EXERCISE BRIEF
Using the listing below, copy exactly each line from the one that has "Advantages of Humic" through the one that has "Sira Barbet - Saturnino"; omit the pictures.

DATA LISTING
----
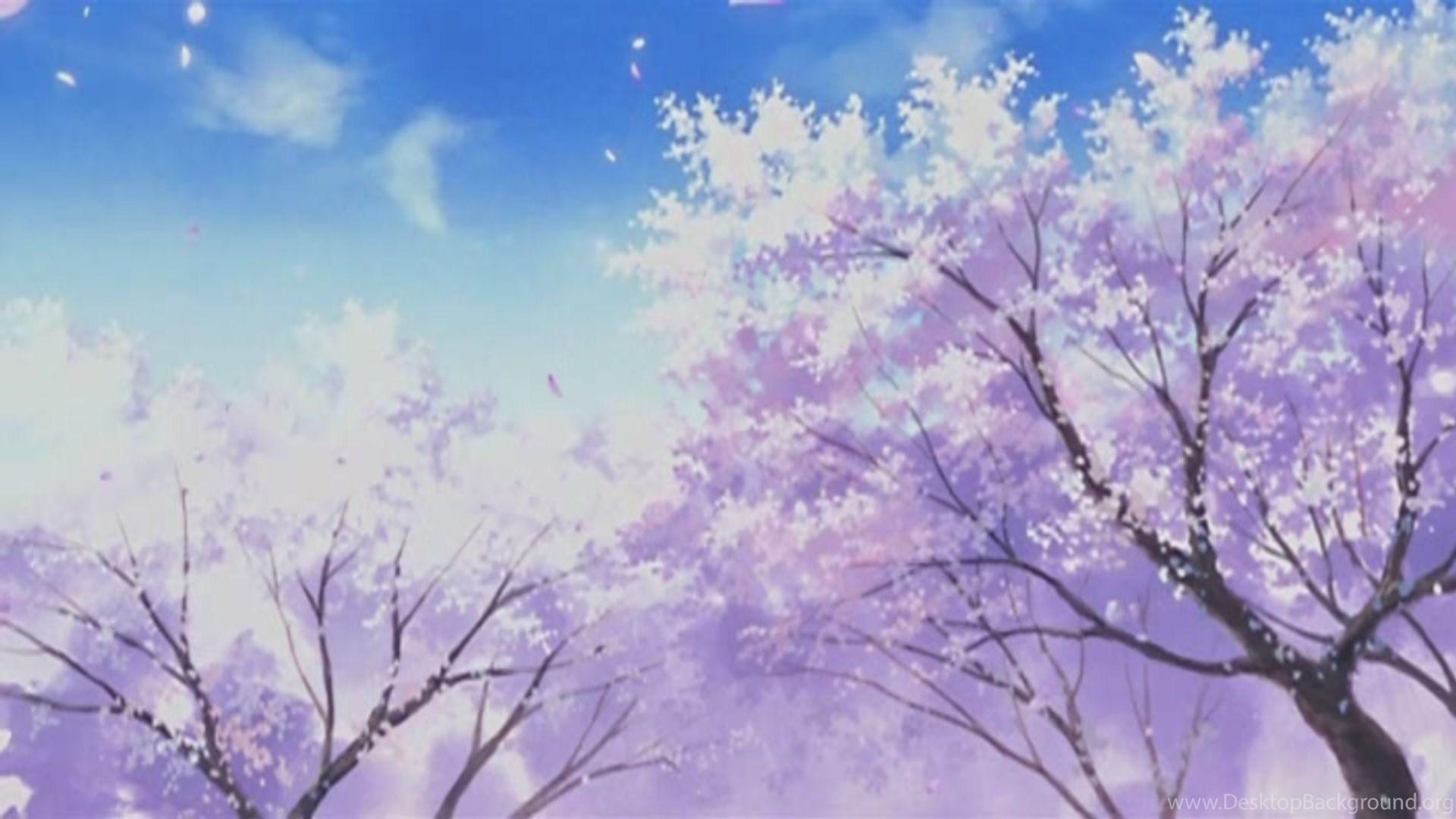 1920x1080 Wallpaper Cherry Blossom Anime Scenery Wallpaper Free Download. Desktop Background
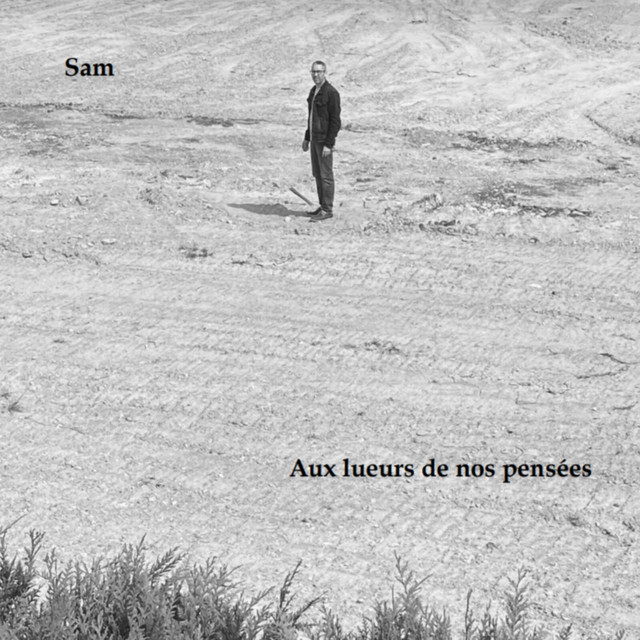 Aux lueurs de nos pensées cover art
----
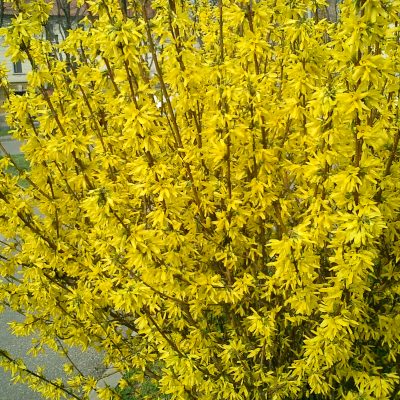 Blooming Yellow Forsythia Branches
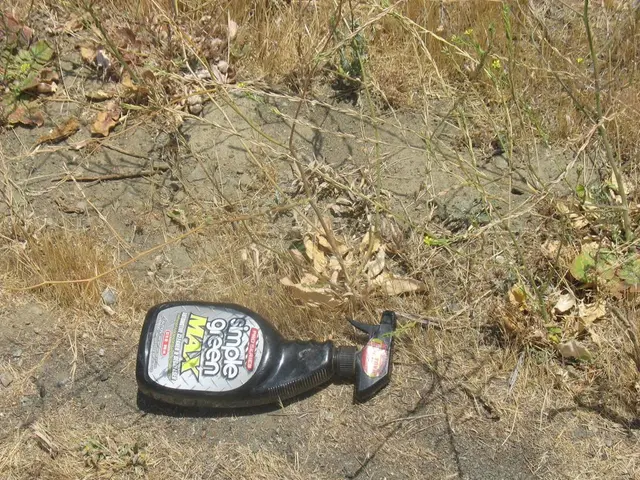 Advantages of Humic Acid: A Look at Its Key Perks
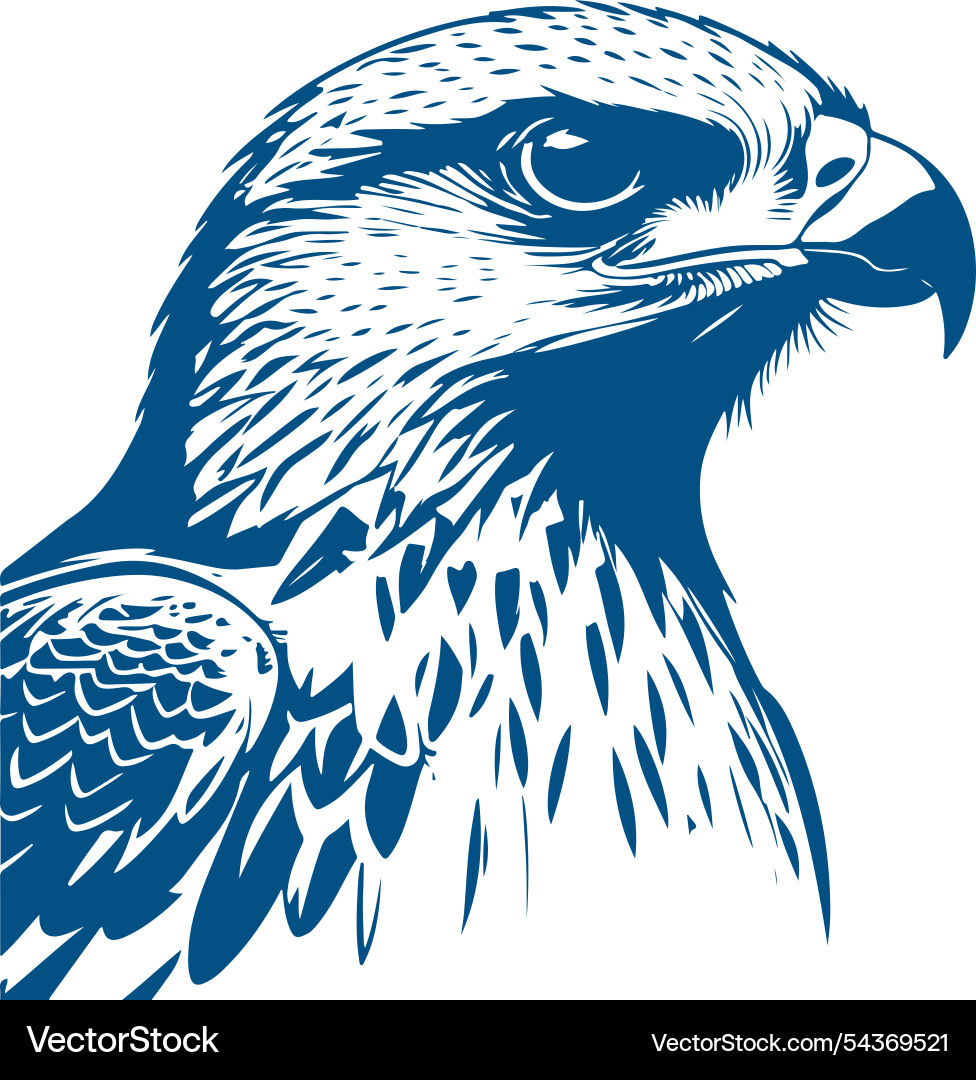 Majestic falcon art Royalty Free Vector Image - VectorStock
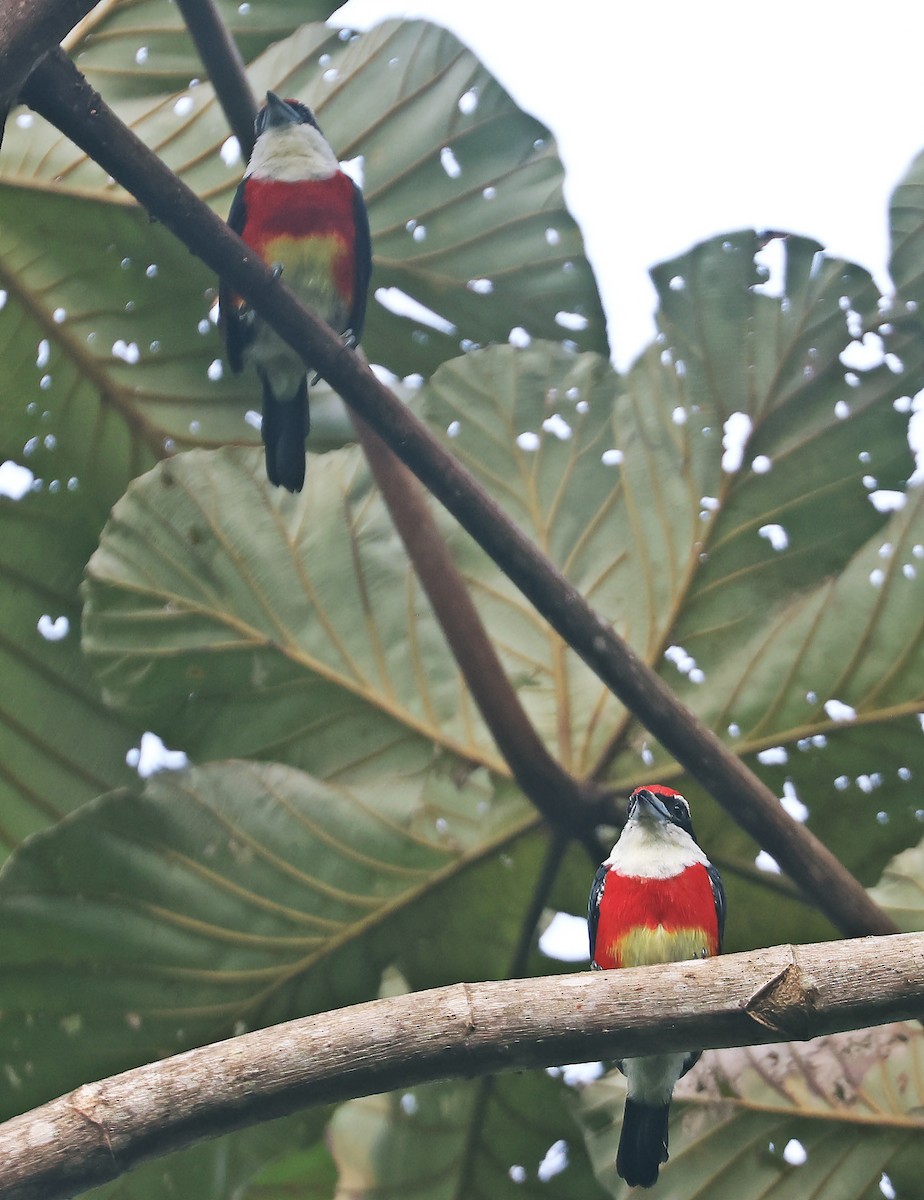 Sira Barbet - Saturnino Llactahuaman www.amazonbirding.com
----
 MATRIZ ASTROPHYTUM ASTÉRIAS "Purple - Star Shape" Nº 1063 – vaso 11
----
SOLUTION FOR THIS EXERCISE
 Advantages of Humic Acid: A Look at Its Key Perks
 Majestic falcon art Royalty Free Vector Image - VectorStock
 Sira Barbet - Saturnino Llactahuaman www.amazonbirding.com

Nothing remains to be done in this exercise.